The seminar is the week after Thanksgiving, in Boston. Unlike last summer, when I was accommodated at the cheerless, poolless Days Inn in unlovely Indianapolis (which I resented more than was fair to Dot Org since I was at least half sour-graping RDC's being in Monterey), this time I shall stay in the swank hotel the conference in being held in. CoolBoss, Minne, and I will have lunch or supper at CLH's restaurant and I can introduce my Dot Org cohort to my sister. Solely because I am all about saving Dot Org's money, I shall stay over Saturday night for the cheaper airfare and have all day Sunday to play with my Blister.

---

I sent postcards with our new address to everyone on the planet.
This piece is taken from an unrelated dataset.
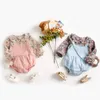 Rompers Sanlutez Flower Baby Girls Ajustement Princesse Coton Coton Automne Spring Baby Clothing Coins à manches longues Citel2405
A good thing, too, because when I gave the new phone number to RRP earlier, I transposed the second and fourth digits because that permutation was nearly the old number. Anyway, today I got a card from my beloved publishing professor, Feenie. I never did write to her after I read Within This Wilderness, and I meant to because I realized that for me to invite her to run away with me to my hypothetical treehouse in the San Juan Islands might have been slightly tactless given the subject matter of the as-yet-unread book (a heavily autobiographical novel about her son running away to the middle of nowhere on an island in a lake on an island (like the cereal box with the regressing picture of a kid with a box of cereal picturing a kid with a box of cereal...) off the coast of British Columbia).

Dear Lisa and Company,

I'm assuming that Blake is [...] wonderful, and time-consuming, and the overlord of your new dwelling. I'm so happy to know all this and look forward to details whenever you find the time, knowing it might take a year (even years!)

I send congratulations, sustained cheers, and lots of love

Feenie

What a super woman she is. Just the smilingest person, with the merriest smile I've ever seen. She probably assumes that I have reproduced and that Blake is human; but despite his avian nature, her assumptions are otherwise correct.